11. The claim of JPPL as to ownership of the vessel and being treated as an importer under Section 2(26) of the Act has been dealt with vide Paragraph No.4.33 of the order as well as 4.34 of the order. In the latter paragraph the adjudicating authority has taken note of the fact that Shri Jiten A. Jogadia had acted as Manager and Honorary Secretary of DEEP on the one hand and as Managing Director of JPPL on the other hand; that he "was aware of every notorious act and behaviour of all concerned, ....". That Dr. Jogadia has signed the seizure memo on 19th July, 1997 as well as tendered statement under Section 108 of the Act on 19th July, 1997 on behalf of DEEP. That despite the knowledge of the seizure action on behalf of the department in the Memorandum of Agreement executed on 1st September, 1998, the said fact was not mentioned even where JPPL was a party to the agreement and the memorandum had been executed and signed by Dr. Jogadia as Managing Director on behalf of JPPL. In Paragraph No.4.36 of the Order-in-Original the adjudicating authority has further found that Memorandum of Agreement dated 1st September, 1998 was not entered into in the course of international trade but had been signed due to involvement of Dr. Jogadia in the affairs of DEEP and also Alang Marine and to bail out DEEP and Standard Marine from financial crisis. The adjudicating authority has further gone on to observe that
"...... it is absolutely clear that the MOA dated 1.9.1998 was collusive in nature and was a device on the one hand for the furtherance of the financial interests of noticee No.1 and noticee No.2 and on the other hand a ploy to evade custom duty by depressing the value of the ship to the benefit of JPPL."

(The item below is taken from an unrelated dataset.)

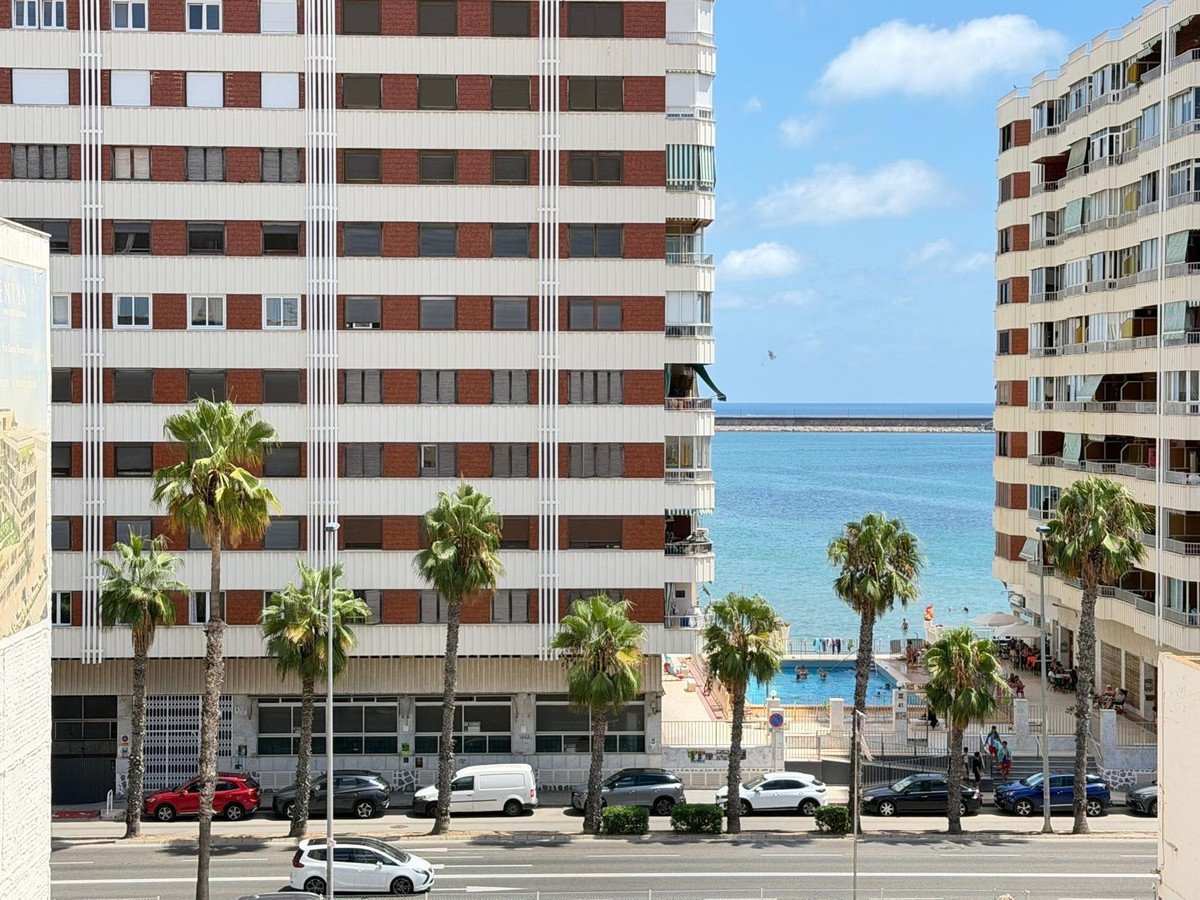 2 Bed Middle Floor Apartment in Torrevieja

(Noticee No.1 is 'DEEP' and Noticee No.2 is 'Standard Marine').
12. Ultimately in Paragraph No.5 the adjudicating authority holds as under :
"5. In view of the foregoing noticee No.1 who are the original buyers of the ship and had purchased the ship from noticee No.2 for US$ 581,784.63 in terms of MOA dated 25.04.1997 and in whose name IGM and other related import documents like Commercial Invoice dated 13.5.97, Bill of Sale dated 13.5.1997, Survey Reports dated 14.5.1997 etc. should and who have completed all the required customs formalities like boarding, rummaging, obtaining entry inward of the ship, beaching permission and have got the physical delivery of the ship from noticee No.2 vide Physical Delivery Certificate dated 15.5.1997 are to be treated as the importer under Section 2(26) of the Act. I am unable to persuade myself to accept the claim of noticee No.3 or JPPL for treating for the reasons discussed in the paras above them as importer of the ship under Section 2(26) of the Act and accordingly, their claim in this regard is rejected."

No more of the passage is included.